13 million pennies collection to honor Holocaust victims

The 14 students have collected 65,000 pennies so far and are seeking donations from residents citywide.

Students in a Hebrew class are hoping to collect 13 million pennies - one for each person killed in the Holocaust. Laura Hood, who teaches the class at Temple Israel, said the project will help students grasp the scope of the tragedy. The 14 students have collected 65,000 pennies so far and are seeking donations from residents citywide. "I want anyone who donates to hold a handful of pennies and imagine that they are holding the terrified hands of the humans who were marched into the gas chambers," Hood said. Money raised in the effort will be donated to Temple Israel, the United States Holocaust Memorial Museum in Washington, and Yad Vashem, a memorial in Jerusalem. Temple Israel student Kyle Gersman, 11, said it's important for his generation to learn about the Holocaust. "It was a bad time.
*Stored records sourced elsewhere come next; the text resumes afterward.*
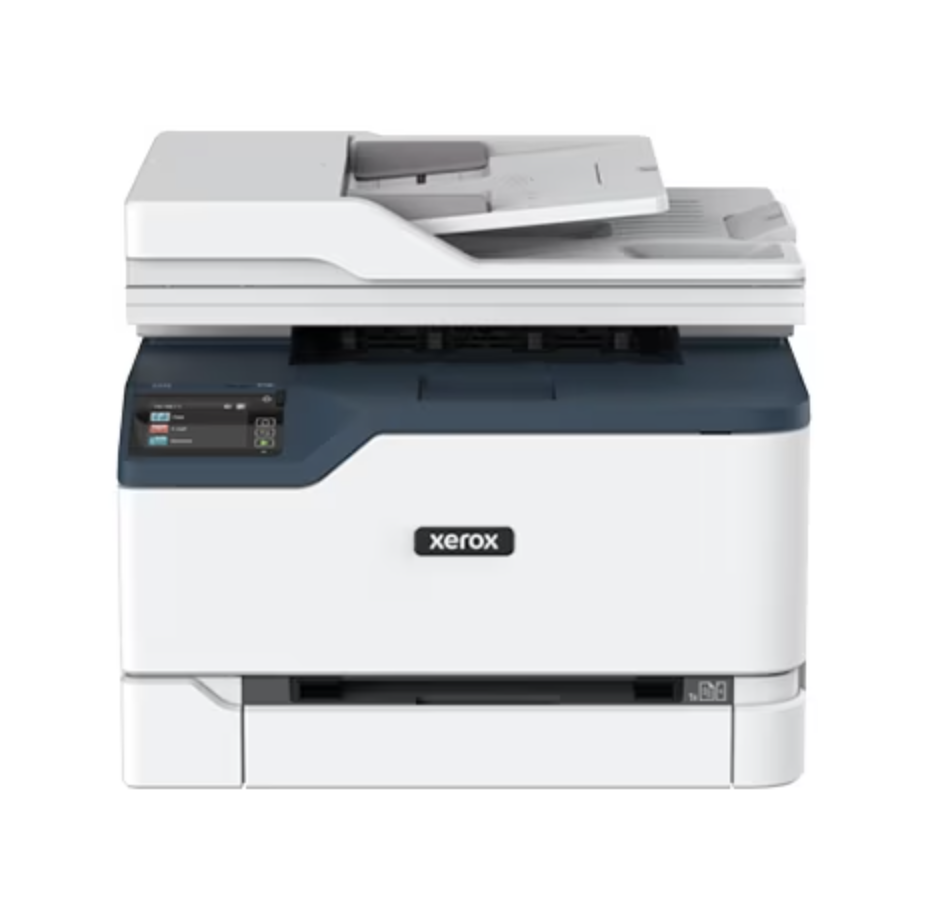 Xerox C235 Color Multifunction Printer-saudi-xerox Xerox C235 Color Multifunction Printer-saudi-xerox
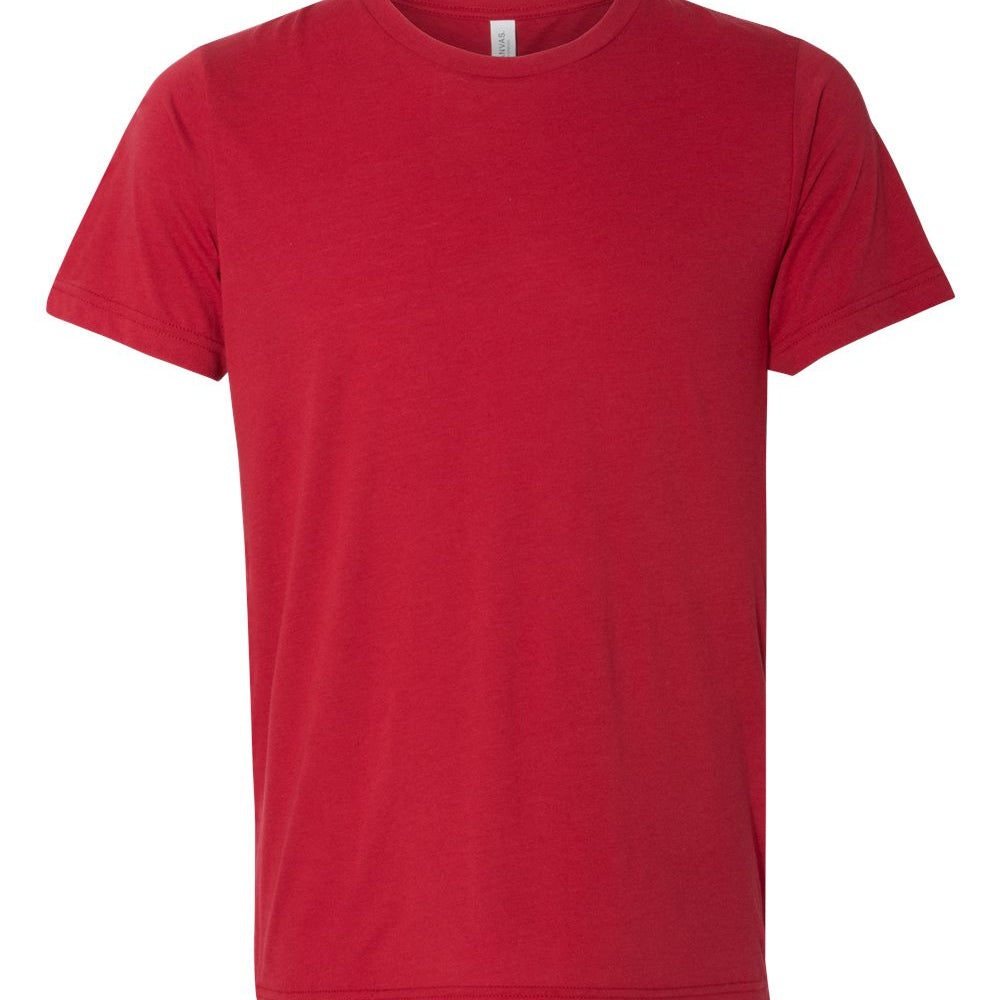 BELLA + CANVAS - Unisex Triblend Tee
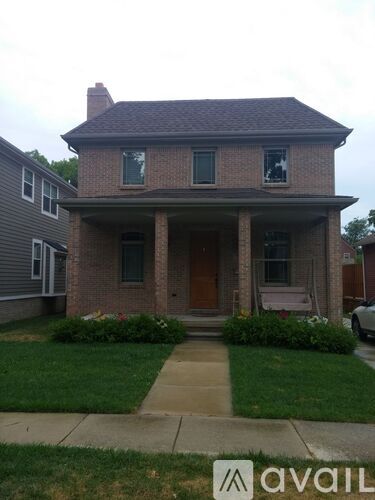 799 North Holbrook Street 4 Beds Single Family Home for Rent - Photo gallery 5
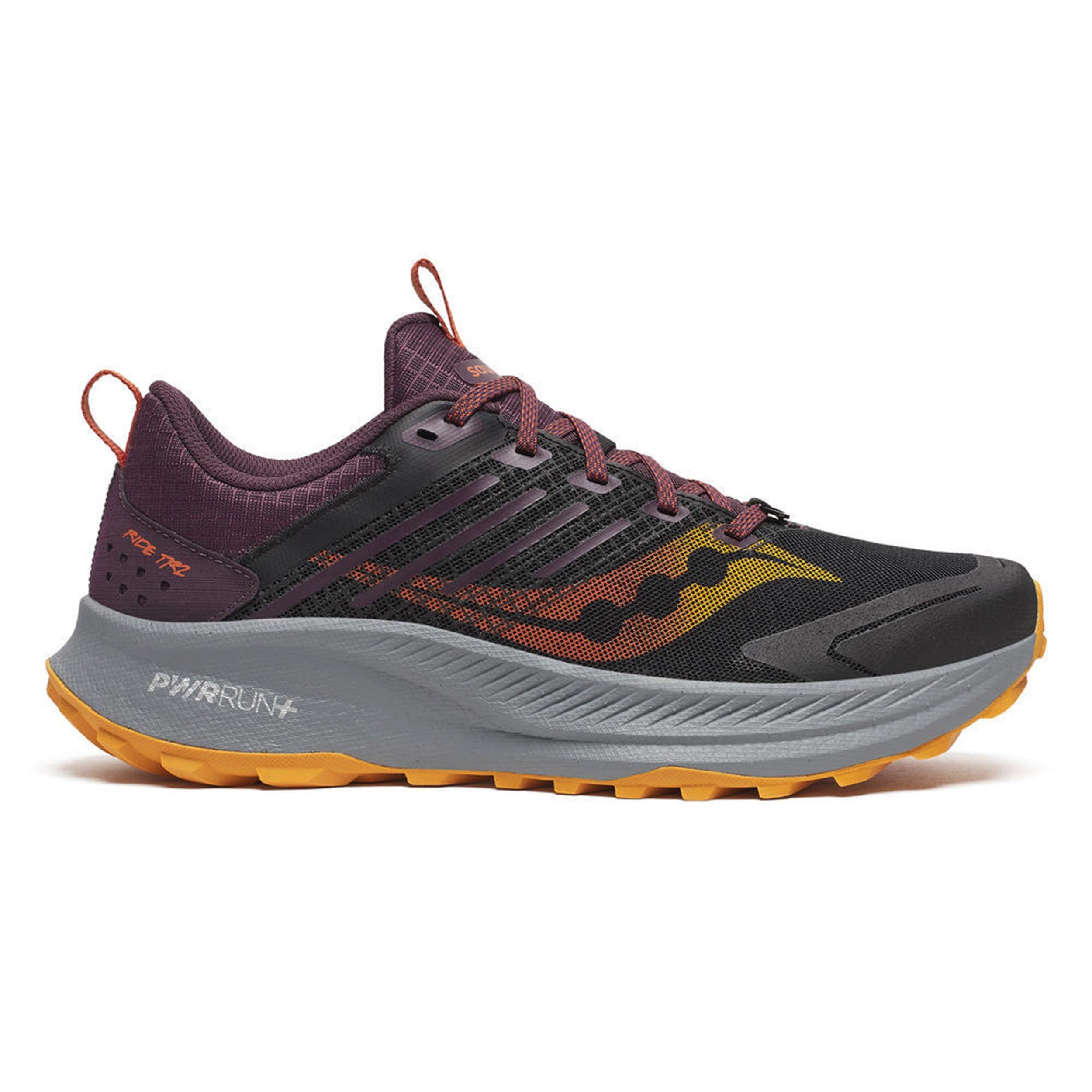 Saucony Ride Tr2 - Trailschuh Trailrunningschuh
A lot of people died for no reason," he said. "We need to know about what happened so we can prevent something like that from happening again." The project was inspired by Whitwell Middle School in east Tennessee, which set out in 1998 to collect 6 million paper clips - representing each Jew who died in the Holocaust - and received several times that number. The Tennessee students decided to collect paper clips because they discovered that paper clips were invented by Norwegians and that Norwegians wore them on their lapels as a silent protest against Nazi occupation during the war.